Farley v. State, S00A0536.
Decision Date | 30 May 2000 |
Docket Number | No. S00A0536.,S00A0536. |
Citation | 531 S.E.2d 100,272 Ga. 432 |
Parties | FARLEY v. The STATE. |
Court | Georgia Supreme Court |
OPINION TEXT STARTS HERE
Benson, Phillips & Hoffman, Jason K. Hoffman, Tifton, for appellant.
C. Paul Bowden, District Attorney, Holli G. Martin, Assistant District Attorney, Thurbert E. Baker, Attorney General, Andrea S. Hirsch, Christopher S. Brasher, Assistant Attorneys General, for appellee.
Rodney Fionn Farley was stopped while driving an automobile for failure to have his seat belt fastened, a violation of OCGA § 40-8-76.1.1 Cocaine was discovered during the traffic stop, and Farley was arrested. He filed a motion to suppress the evidence found in the search, contending that OCGA § 40-8-76.1 is unconstitutional because it denied him equal protection in that similarly situated adult drivers in pickup trucks are not subject to the seat belt requirement.
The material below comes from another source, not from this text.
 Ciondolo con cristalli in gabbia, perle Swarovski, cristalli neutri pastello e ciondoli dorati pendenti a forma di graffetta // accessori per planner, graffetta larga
At the hearing on the motion, Farley introduced evidence regarding the relative injury rates in passenger vehicle and pickup truck accidents. The trial court denied the motion, but granted a certificate of immediate review. This Court granted Farley's application for interlocutory appeal and directed the parties to address the question whether the trial court was correct in denying the motion to suppress on the ground that OCGA § 40-8-76.1 is not an unconstitutional denial of equal protection.
[Cit.]
Reed v. State, 264 Ga. 466, 467, 448 S.E.2d 189 (1994). For the purpose of this appeal, we will assume that Farley has borne the burden of showing that occupants of passenger vehicles and adult occupants of pickup trucks are similarly situated with regard to the subject matter of the legislation at issue. The remaining burden for Farley to bear is to show there to be no rational relation between the classification at issue and the purpose of the legislation.
We agree with the parties that because the classification in this appeal involves neither a suspect class nor the exercise of a fundamental right, we must examine it under the "rational basis" test. City of Atlanta v. Watson, 267 Ga. 185(1), 475 S.E.2d 896 (1996). "Under the rational basis test, a legislative classification does not deny equal protection if the classification bears a direct relation to the purpose of the legislation." Love v. State, 271 Ga. 398(3), 517 S.E.2d 53 (1999).
It is readily apparent that public safety is the purpose of the statute. The question for decision, therefore, is whether the challenged classification bears a direct relation to the goal of advancing public safety. The evidence Farley presented to the trial court established that accidents involving passenger vehicles are much more numerous than those involving pickup trucks, and that approximately three times as many fatalities occurred in passenger vehicle accidents when seat belts were not worn than when they were. Given those facts, we conclude that it is clear beyond argument that requiring persons occupying passenger vehicles to wear seat belts bears a direct relation to the goal of improving public safety.
Farley insists that because his evidence showed that occupants of pickup trucks are more susceptible to injury in the event of an accident than are occupants of passenger cars, OCGA § 40-8-76.1 cannot be considered to have a rational relation to the goal of improving public safety unless all persons occupying pickup trucks are also required to use seat belts. That "all or nothing" approach, which questions the wisdom of the legislature's action, conflicts with established principles of constitutional law.